Indicadores diversos, como a posição da cidade na arrecadação de IPI e ICMS, podem mostrar que há 30 anos Limeira tinha uma representatividade bem mais significante.
Os indicadores sociais confirmam o que se passou na economia: recente estudo divulgado mostrou que Limeira tem 27% da população abaixo da linha de pobreza, quando a média do estado de S. Paulo é 22%. Outros dois estudos, da PUC –SP e da FGV mostraram, em 1999, que 75% das famílias de Limeira tinham, em 1998, renda familiar entre zero e cinco salários mínimos. Não há dúvida que é difícil fazer um shopping decolar em uma cidade com este perfil. Mas, novamente, o que houve?
Perdemos o bonde da história – ao menos em parte. Nos países centrais há muito que a indústria deixou de ser a principal geradora de renda e empregos – e Limeira até hoje não fez um único distrito industrial e nem é bom que se faça, pois a era da indústria já passou.

Houve um suspiro de revitalização industrial no país quando do lançamento e implementação do plano automotivo: entre 1992 e 2002 nada menos do que perto de uma dezena de novas montadoras de veículos se instalaram no país. Quantas em Limeira ? No mesmo período empresas de equipamentos para telecomunicações e computadores, como Motorola, Nokia, HP, Compaq e outras vieram para o Brasil. Quantas em Limeira ?

Nem tudo está perdido, porém. Assim como da iniciativa do Dr. Trajano surgiram muitas outras fábricas, os pioneiros da jóia, como Cardoso e Gullo, possibilitaram o surgimento de várias outras fábricas e o conhecimento em ferramentaria, estamparia, fundição e galvanoplastia, trazido pelos fabricantes de auto peças, uniu-se ao domínio da tecnologia do ouro e hoje temos, como chamaria o professor Michael Porter, o maior “cluster” de jóias folheadas da América Latina.

Pequenos empreendedores têm conseguido manter o comércio da cidade bastante ativo e com opções para o consumidor, embora a cidade continue com um terço de shopping center funcionando no centro e menos de um quarto funcionando na Anhanguera.

A cidade assistiu passivamente a mudança das fontes de geração de riquezas das dezenas de grandes fábricas que empregavam centenas, para centenas de fábricas que empregam dezenas, sem que, contudo, houvesse iniciativas no sentido de se buscar novos investimentos e novos empreendedores em outras áreas como serviços, educação e comércio. Tais mudanças deram origem a uma forte economia informal, talvez em proporções até maiores do que ocorre no resto do país.

Progredimos, é verdade – hoje temos inúmeros cursos em nível universitários, alguns com classificação A e B pelo MEC, formadores de uma mão de obra que, infelizmente, terá que trabalhar em outras cidades, pois não há tantas vagas gerenciais em Limeira.
É necessário que tomemos referenciais, cidades como Ribeirão Preto, Jundiaí, Campinas, Piracicaba e outras, para podermos ver que ainda existem enormes possibilidades para Limeira se nossas lideranças políticas e empresariais tiverem a humildade de estudar a história, a economia e perceber a próxima onda.
A onda da industrialização já passou.
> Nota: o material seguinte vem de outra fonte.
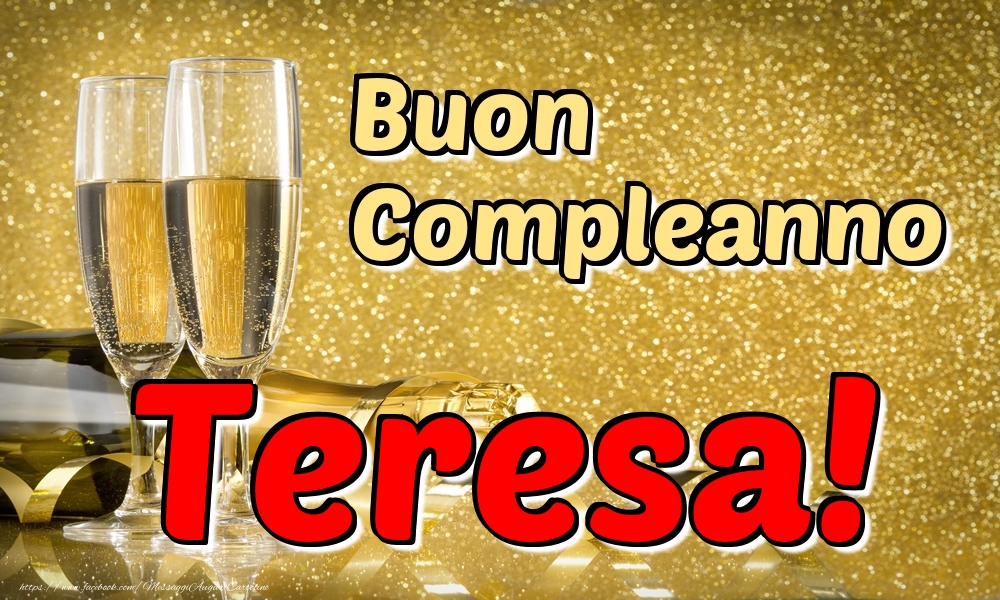 Cartoline di compleanno - Champagne | Buon Compleanno Teresa!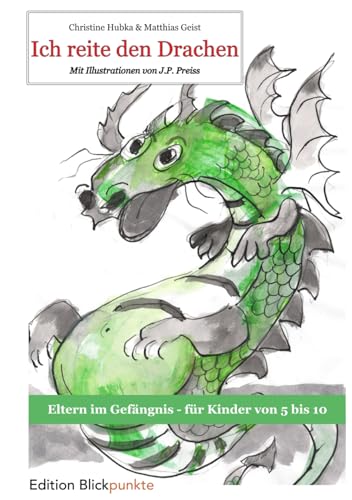 Ich reite den Drachen: Eltern im Gefängnis von Independently published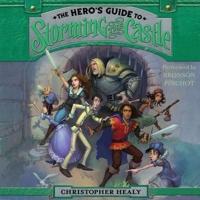 The Hero's Guide to Storming the Castle Lib/E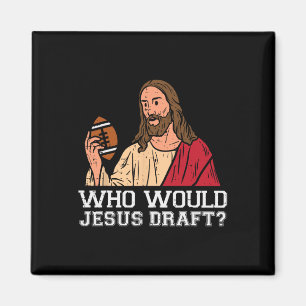 Wen würde Jesus entwerfen Funny Fantasy Football C Magnet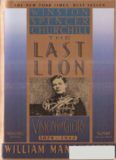 The Last Lion: Winston Spencer Churchill: Visions of Glory, 1874-1932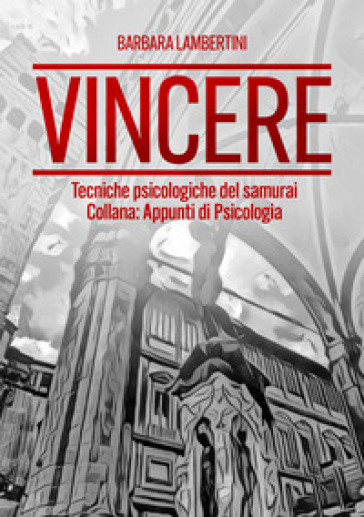 Vincere. Tecniche psicologiche del samurai - Barbara Lambertini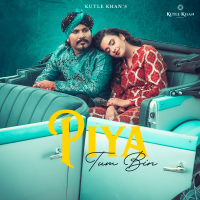 Piya Tum Bin (Single)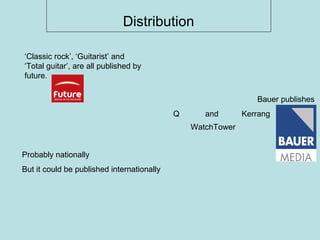 Distribution ‘ Classic rock’, ‘Guitarist’ and ‘Total guitar’, are all published by future.   Bauer publishes Q  and   Kerrang WatchTower Probably nationally But it could be published internationally 
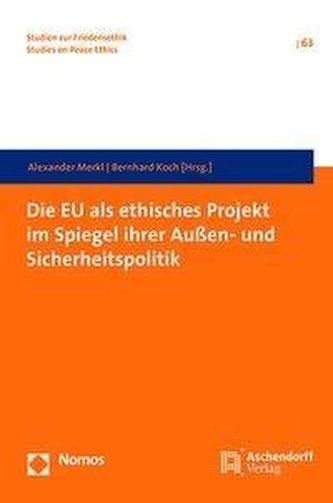 Die EU als ethisches Projekt im Spiegel ihrer Außen- und Sicherheitspolitik
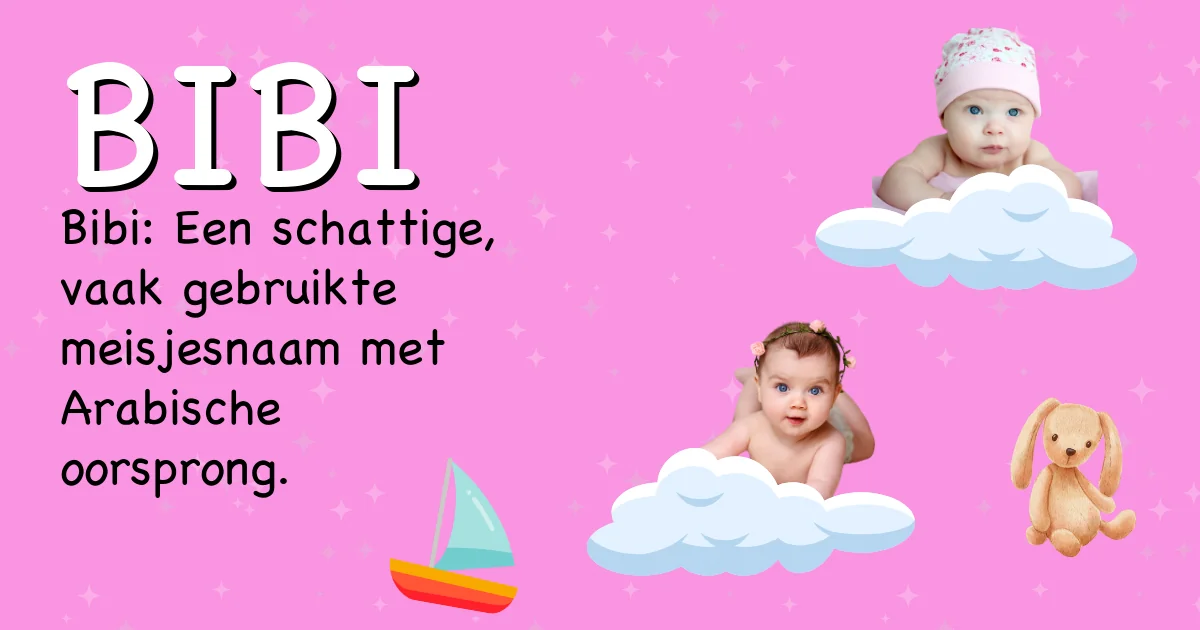 Betekenis van de naam Bibi - Ontdek de herkomst en betekenis van deze voornaam
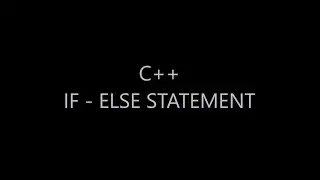 C++ IF-ELSE STATEMENT
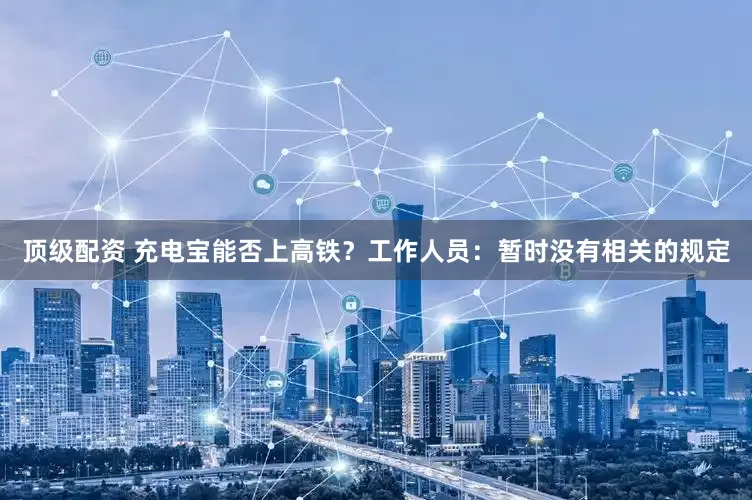 顶级配资 充电宝能否上高铁？工作人员：暂时没有相关的规定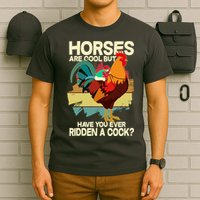 Funny Horses Are Cool But Have You Ever Ridden A Cock T-Shirt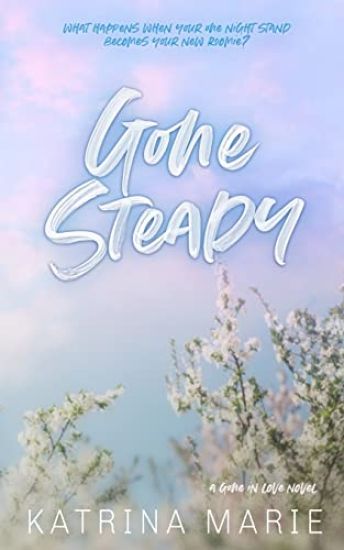 Gone Steady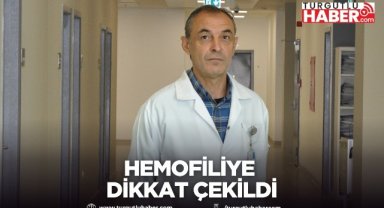 Hemofiliye dikkat çekildi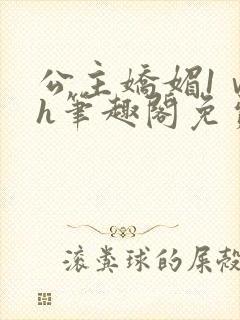 公主娇媚1ⅴ1h笔趣阁免费阅读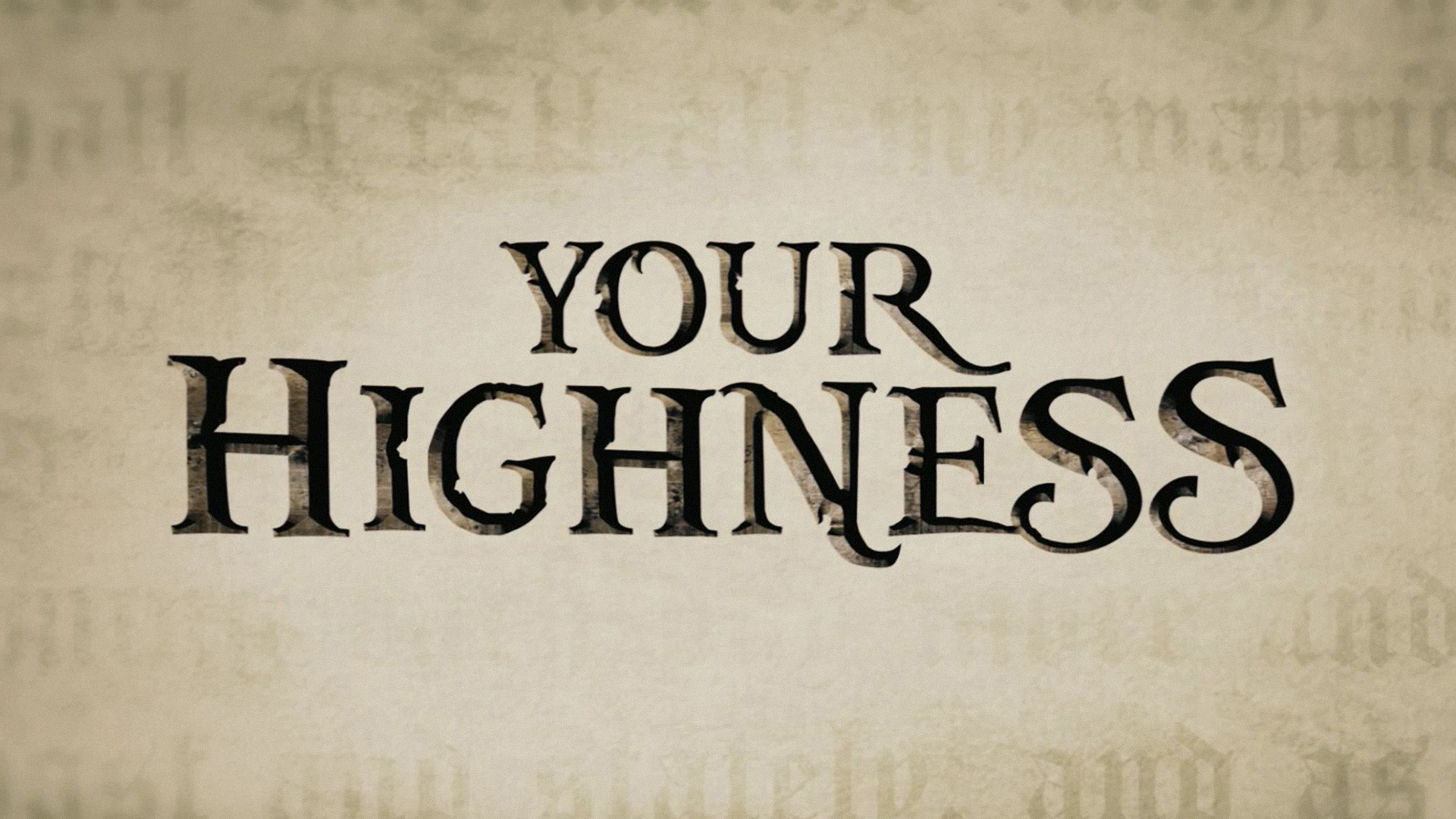 Your Highness Quotes QuotesGram your-highness-quotes-quotesgram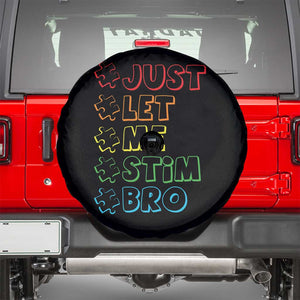 Funny Autistic Spare Tire Cover Just Let Me Stim Bro Autism Boys Kids TS09 Black Print Your Wear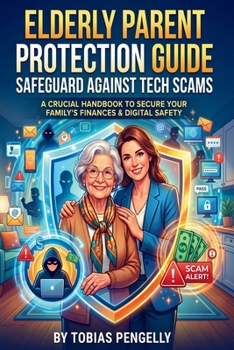 Elderly Parent Protection Guide: Safeguard Against Tech Scams: Comprehensive Consumer Playbook to Prevent Fraud and Shield Seniors from Cyber Threats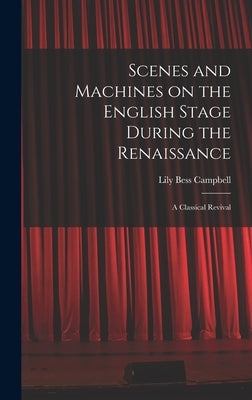 Scenes and Machines on the English Stage During the Renaissance; a Classical Revival by Campbell, Lily Bess 1883-1967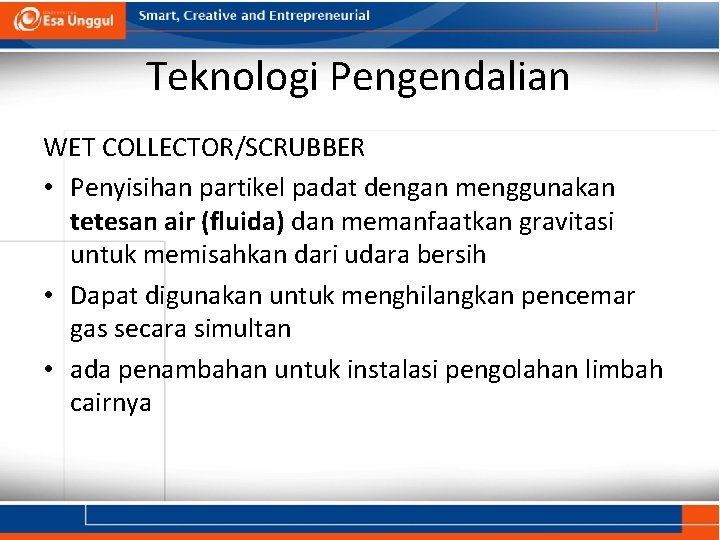 Teknologi Pengendalian WET COLLECTOR/SCRUBBER • Penyisihan partikel padat dengan menggunakan tetesan air (fluida) dan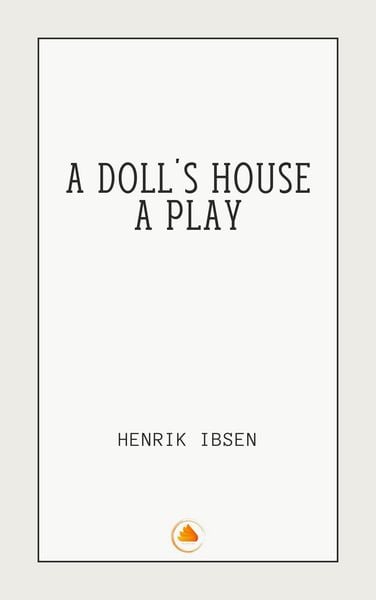 Produktbild: A Doll's House : a play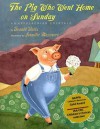 The Pig Who Went Home on Sunday: An Appalachian Folktale - Donald Davis, Jennifer Mazzucco (Illustrator)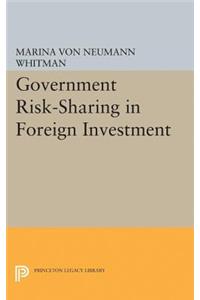 Government Risk-Sharing in Foreign Investment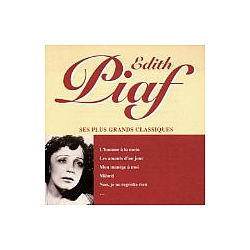 Édith Piaf - Ses Plus Grands Classiques альбом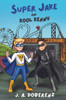 Super Jake and Kool Kenny
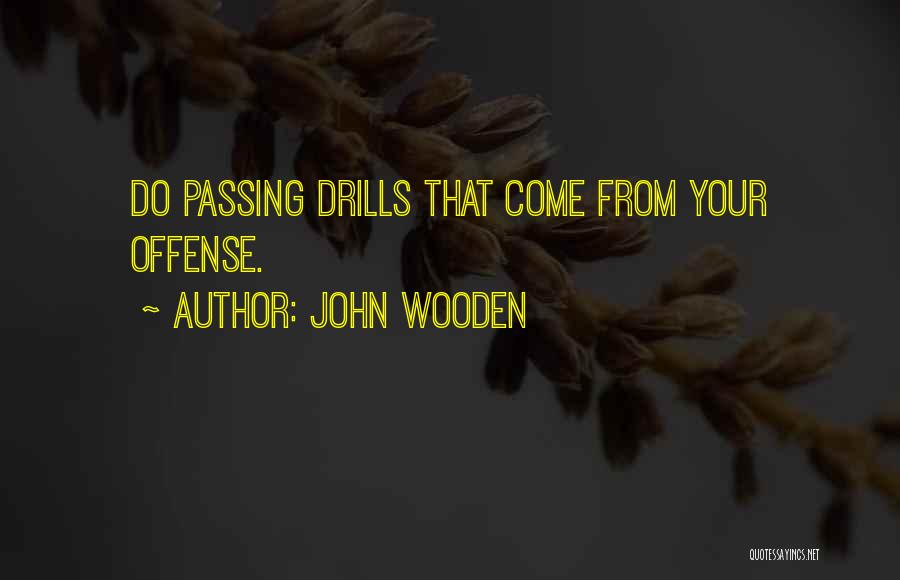 John Wooden Quotes: Do Passing Drills That Come From Your Offense.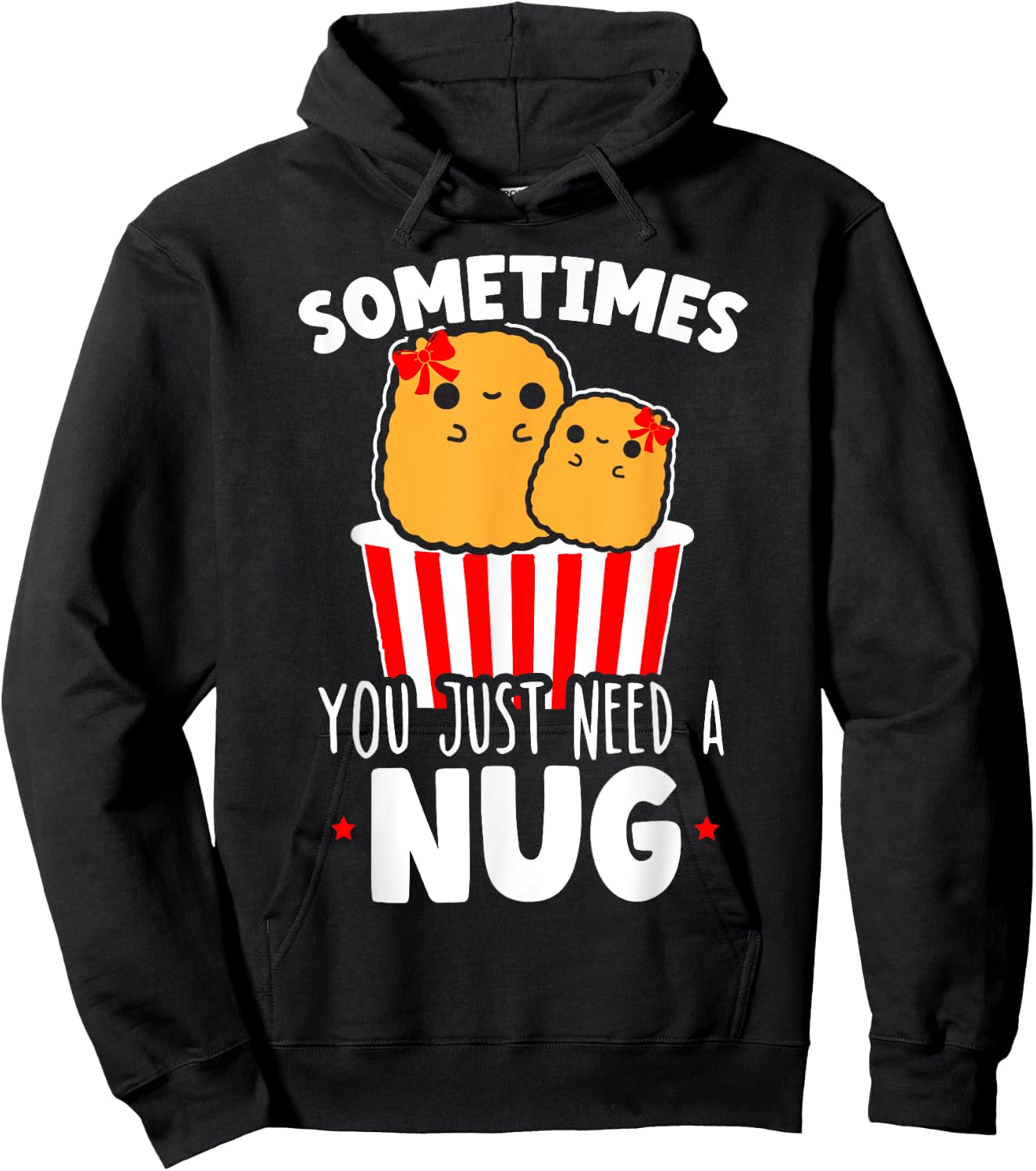 Sometimes You Just Need A Nug Foodie Nuggy Chicken Nugget Hoodie - Hoodie | Black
A onda atual, que está terminando, é a da informação / comunicação. Será a biogenética a próxima onda ? Como poderá Limeira detectar a próxima onda e planejar para nela embarcar ?

Analisar o passado sem questionar os erros e acertos é mera admiração da história. Faz-se mister que sigamos os exemplos dos empreendedores do passado sem, contudo, nos esquecermos de que os tempos são outros, a concorrência é muito maior, não há proteção contra importados, pois isto gera inflação e a proteção contra importados nos torna preguiçosos.

Muitos poderão discordar dos pontos de vista aqui apresentados, mas não é possível ignorar fatos: a Limeira dos anos 50 /60/70 oferecia muito mais oportunidades ao trabalhador do que a Limeira atual. Naquela época era comum o governador do estado vir a Limeira prestigiar desde a Facil até bailes de debutantes. Não sou saudosista, mas reconheço que já estivemos em melhor situação e posso compreender que não nos falta empreendedores, talvez nos falte planejamento e alinhamento, dois itens que eram importantes naqueles tempos e como não nos servimos deles naquele momento, hoje estamos como estamos.

Olhemos para o futuro tendo os erros e acertos do passado a nos guiar no planejamento que deve ser feito no presente.